Comme on pouvait s’y attendre, la perspective d’un sommet à Reykjavik entre Donald Trump et Vladimir Poutine – évoqué dans le Times de Londres, puis démenti par le futur porte-parole de la Maison Blanche, Sean Spicer – cause bien des inquiétudes en Europe. Donald Trump abandonnera-t-il l’Ukraine en échange de plus de coopération en Syrie (ou d’une simple promesse de rapports plus amicaux) ? Vladimir Poutine s’emparera-t-il de l’opportunité pour créer la surprise et essayer d’éloigner les Etats-Unis de l’Europe ? Les conséquences négatives sont nombreuses et indéniables. Cependant, il y a des raisons moins évidentes d’être enthousiaste à l’idée de cette rencontre – et d’espérer qu’elle ait lieu le plus rapidement possible. Pour le dire simplement, qu’ils se rencontrent et qu’ils échouent.

Comment se faire des amis et influencer les gens

Lors du sommet original de Reykjavik de 1986, le Président Ronald Reagan et le Secrétaire Général Mikhaïl Gorbatchev s’étaient rapprochés d’un accord historique sur la réduction du stock de missiles nucléaires. Donald Trump n’est pas Ronald Reagan – sauf peut-être dans son désintérêt des menus détails de la bureaucratie – et Vladimir Poutine n’est certainement pas Mikhaïl Gorbatchev. Mais c’est précisément pour cette raison qu’une rencontre pourrait se révéler être une aubaine pour l’Europe.

Pour Vladimir Poutine, la plus grande vertu de Donald Trump à l’heure actuelle est qu’il n’est pas Hillary Clinton, que le Kremlin considère comme son ennemie jurée. Il est plus difficile de savoir ce que Vladimir Poutine peut bien représenter pour Donald Trump : un allié potentiel contre la Chine, ou simplement un modèle de chef exécutif autoritaire et macho avec lequel il peut faire affaire.

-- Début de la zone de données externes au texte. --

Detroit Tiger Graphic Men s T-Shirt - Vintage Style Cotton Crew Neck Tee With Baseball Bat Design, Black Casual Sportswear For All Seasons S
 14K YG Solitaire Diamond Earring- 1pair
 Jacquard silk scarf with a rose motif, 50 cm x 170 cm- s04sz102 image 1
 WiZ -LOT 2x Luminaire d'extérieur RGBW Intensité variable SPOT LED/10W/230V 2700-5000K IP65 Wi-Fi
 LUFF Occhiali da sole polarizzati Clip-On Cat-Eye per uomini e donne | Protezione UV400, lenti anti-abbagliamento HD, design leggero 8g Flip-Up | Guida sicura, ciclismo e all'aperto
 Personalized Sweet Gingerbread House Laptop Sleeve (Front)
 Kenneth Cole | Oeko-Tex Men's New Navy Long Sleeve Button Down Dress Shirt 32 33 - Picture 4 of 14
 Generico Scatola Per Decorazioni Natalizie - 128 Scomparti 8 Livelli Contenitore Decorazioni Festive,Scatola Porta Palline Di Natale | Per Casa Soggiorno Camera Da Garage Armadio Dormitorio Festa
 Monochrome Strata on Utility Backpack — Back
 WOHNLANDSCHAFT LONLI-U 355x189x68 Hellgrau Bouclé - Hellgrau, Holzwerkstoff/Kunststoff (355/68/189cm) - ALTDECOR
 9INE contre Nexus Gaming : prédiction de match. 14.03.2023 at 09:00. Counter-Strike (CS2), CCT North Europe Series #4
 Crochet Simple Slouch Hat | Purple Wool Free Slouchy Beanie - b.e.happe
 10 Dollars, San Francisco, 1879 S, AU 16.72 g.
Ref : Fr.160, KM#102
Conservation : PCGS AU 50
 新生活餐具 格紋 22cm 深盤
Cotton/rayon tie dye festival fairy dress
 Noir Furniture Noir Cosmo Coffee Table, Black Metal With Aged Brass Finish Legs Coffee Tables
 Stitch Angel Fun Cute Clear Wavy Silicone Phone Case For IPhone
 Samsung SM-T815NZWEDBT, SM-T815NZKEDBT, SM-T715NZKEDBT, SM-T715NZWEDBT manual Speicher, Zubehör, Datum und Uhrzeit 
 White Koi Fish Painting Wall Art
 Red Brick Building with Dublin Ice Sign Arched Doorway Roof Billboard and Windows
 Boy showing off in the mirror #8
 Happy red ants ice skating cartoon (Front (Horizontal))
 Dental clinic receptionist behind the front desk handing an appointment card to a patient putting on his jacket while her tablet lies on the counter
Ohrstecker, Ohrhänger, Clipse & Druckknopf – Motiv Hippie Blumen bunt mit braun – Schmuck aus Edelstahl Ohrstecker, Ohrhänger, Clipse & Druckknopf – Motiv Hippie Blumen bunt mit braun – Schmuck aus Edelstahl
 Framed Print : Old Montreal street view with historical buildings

Mais lorsqu’ils se rencontreront, ce sera en tant que personnes, et non en tant que concepts. Et il est peu probable que leur lune de miel actuelle survive à un contact prolongé. Les deux hommes se considèrent comme des mâles dominants et sont prêts à tout pour essayer d’affirmer cette domination. Vladimir Poutine est célèbre pour faire attendre ses interlocuteurs, tandis que Donald Trump aime monopoliser la parole pendant les réunions. Aucun des deux n’est habitué à avoir des rivaux, ni ne les apprécie.

En même temps, Vladimir Poutine est connu pour sa maîtrise du sens du détail durant les sommets, et recherche sérieux et professionnalisme chez ses interlocuteurs. Donald Trump, de son côté, semble s’appuyer sur des déclarations improvisées, qu’il renie après coup.  Cette caractéristique pourrait bien nourrir l’une des bêtes noires de Vladimir Poutine : sa conviction – justifiée ou non – selon laquelle l’Occident est faux et hypocrite.

En d’autres termes, l'amitié longue distance pourrait bien vaciller quand les deux parties se rencontreront en personne. Vladimir Poutine considèrera-t-il Donald Trump comme une personne sans envergure à ne pas prendre au sérieux ? Donald Trump aura-t-il l’impression que Vladimir Poutine ne fait pas preuve du respect nécessaire à son égard ?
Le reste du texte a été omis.